11 Data Manipulation Basics

Manipulation of data frames is a common task when you start exploring your data in R and dplyr is a package for making tabular data manipulation easier.

tidyverse is an “umbrella-package” that installs a series of packages useful for data analysis which work together well. Some of them are considered core packages (among them tidyr, dplyr, ggplot2), because you are likely to use them in almost every analysis. Other packages, like lubridate (to work with dates) or haven (for SPSS, Stata, and SAS data) that you are likely to use not for every analysis are also installed.

We can load the tidyverse package by calling

library(tidyverse)

Of course, if you have not installed this package yet, please do so by following my instructions in Lecture 1.

11.1 What is `dplyr`?

dplyr is one part of a larger tidyverse ecosystem that enables you to work with data in tidy data formats.

The package dplyr provides convenient tools for the most common data manipulation tasks. It is built to work directly with data frames, with many common tasks optimized by being written in a compiled language (C++). An additional feature is the ability to work directly with data stored in an external database.

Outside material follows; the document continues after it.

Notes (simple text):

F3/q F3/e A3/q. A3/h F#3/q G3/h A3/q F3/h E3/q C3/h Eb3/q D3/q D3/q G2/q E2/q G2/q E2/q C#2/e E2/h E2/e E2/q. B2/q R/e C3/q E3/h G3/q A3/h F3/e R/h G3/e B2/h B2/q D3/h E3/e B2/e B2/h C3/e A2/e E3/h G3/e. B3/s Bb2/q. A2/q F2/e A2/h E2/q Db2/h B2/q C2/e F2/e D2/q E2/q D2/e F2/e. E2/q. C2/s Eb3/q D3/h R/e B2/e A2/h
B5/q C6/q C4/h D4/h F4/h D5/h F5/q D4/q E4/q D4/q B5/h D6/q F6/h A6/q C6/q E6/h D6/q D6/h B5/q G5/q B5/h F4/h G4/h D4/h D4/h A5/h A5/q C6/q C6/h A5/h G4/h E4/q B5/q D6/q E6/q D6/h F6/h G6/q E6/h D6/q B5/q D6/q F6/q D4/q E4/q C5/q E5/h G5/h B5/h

The benefits of doing this are that the data can be managed natively in a relational database, queries can be conducted on that database, and only the results of the query are returned.

To learn more about dplyr, you may want to check out the dplyr cheatsheet.

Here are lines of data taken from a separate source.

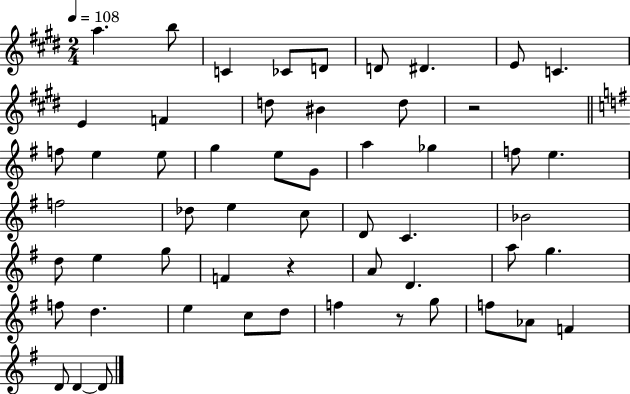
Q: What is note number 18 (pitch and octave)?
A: G5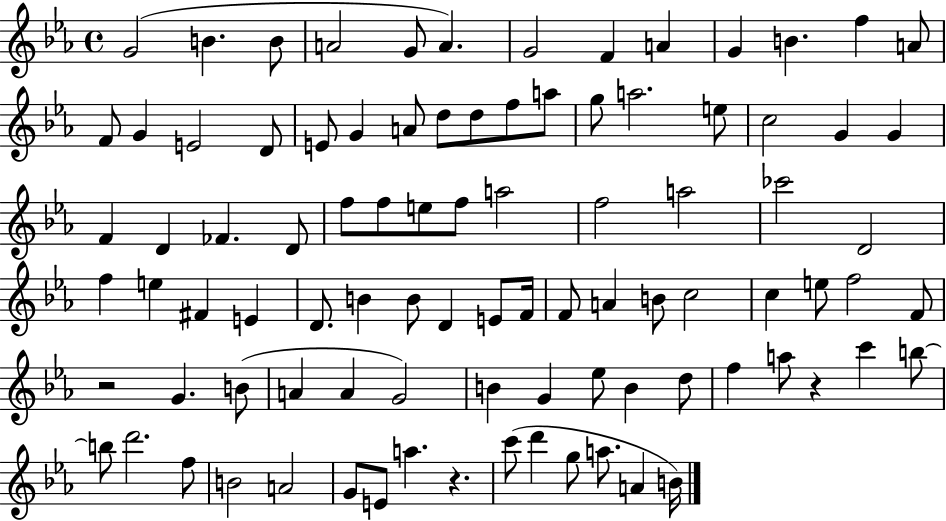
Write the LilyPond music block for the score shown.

{
  \clef treble
  \time 4/4
  \defaultTimeSignature
  \key ees \major
  g'2( b'4. b'8 | a'2 g'8 a'4.) | g'2 f'4 a'4 | g'4 b'4. f''4 a'8 | \break f'8 g'4 e'2 d'8 | e'8 g'4 a'8 d''8 d''8 f''8 a''8 | g''8 a''2. e''8 | c''2 g'4 g'4 | \break f'4 d'4 fes'4. d'8 | f''8 f''8 e''8 f''8 a''2 | f''2 a''2 | ces'''2 d'2 | \break f''4 e''4 fis'4 e'4 | d'8. b'4 b'8 d'4 e'8 f'16 | f'8 a'4 b'8 c''2 | c''4 e''8 f''2 f'8 | \break r2 g'4. b'8( | a'4 a'4 g'2) | b'4 g'4 ees''8 b'4 d''8 | f''4 a''8 r4 c'''4 b''8~~ | \break b''8 d'''2. f''8 | b'2 a'2 | g'8 e'8 a''4. r4. | c'''8( d'''4 g''8 a''8. a'4 b'16) | \break \bar "|."
}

11.2 Grammar for data manipulation

The dplyr package presents a grammar for data wrangling with the ‘pipe’ operator |>. Hadley Wickham, one of the authors of dplyr, has identified five verbs for working with data in a data frame:

select() take a subset of the columns (i.e., features, variables)
filter() take a subset of the rows (i.e., observations)
mutate() add or modify existing columns
arrange() sort the rows
summarise() aggregate the data across rows (e.g., group it according to some criteria)

Each of these functions takes a data frame as its first argument, and returns a data frame. Thus, these five verbs can be used in conjunction with each other to provide a powerful means to slice-and-dice a single table of data. As with any grammar, what these verbs mean on their own is one thing, but being able to combine these verbs with nouns (i.e., data frames) creates an infinite space for data wrangling. Mastery of these five verbs can make the computation of most any descriptive statistic a breeze and facilitate further analysis. Wickham’s approach is inspired by his desire to blur the boundaries between R and the ubiquitous relational database querying syntax SQL.

11.3 Import data as tibbles

Recall from Lecture 3, when we used read_excel() to import the data, the loaded data appear as tibbles instead of the traditional R data frames. Here we will first explain a little about tibbles.

Exercise A

For illustration purposes, let us try to load an online sample data by calling the read_csv() function in the tidyverse package.

orderinfo <- read_csv("https://raw.githubusercontent.com/rsquaredacademy/datasets/master/web.csv")
head(orderinfo)

Tip

To assist your understanding of the data, below please find the description of the main variables in this data set:

referrer: referrer website/search engine
device: device used to visit the website
n_pages: number of pages visited
duration: time spent on the website (in seconds)
purchase: whether visitor purchased
order_value: order value of visitor (in dollars)
n_visit: number of visits

class(orderinfo)

[1] "spec_tbl_df" "tbl_df"      "tbl"         "data.frame"

You may have noticed that by using either read_excel() or read_csv(), we have generated an object of class tbl_df, also known as a “tibble”. Tibble’s data structure is very similar to a data frame. For our purposes the only differences are that

columns of class character are never converted into factors,
it tries to recognize and date types
the output displays the data type of each column under its name, and
it only prints the first few rows of data and only as many columns as fit on one screen. If we wanted to print all columns we can use the print command, and set the width parameter to Inf. To print the first 6 rows for example we would do this: print(my_tibble, n=6, width=Inf).

11.4 `select()` and `filter()`

To select columns of a data frame with dplyr, use select(). The first argument to this function is the data frame orderinfo, and the subsequent arguments are the columns to keep.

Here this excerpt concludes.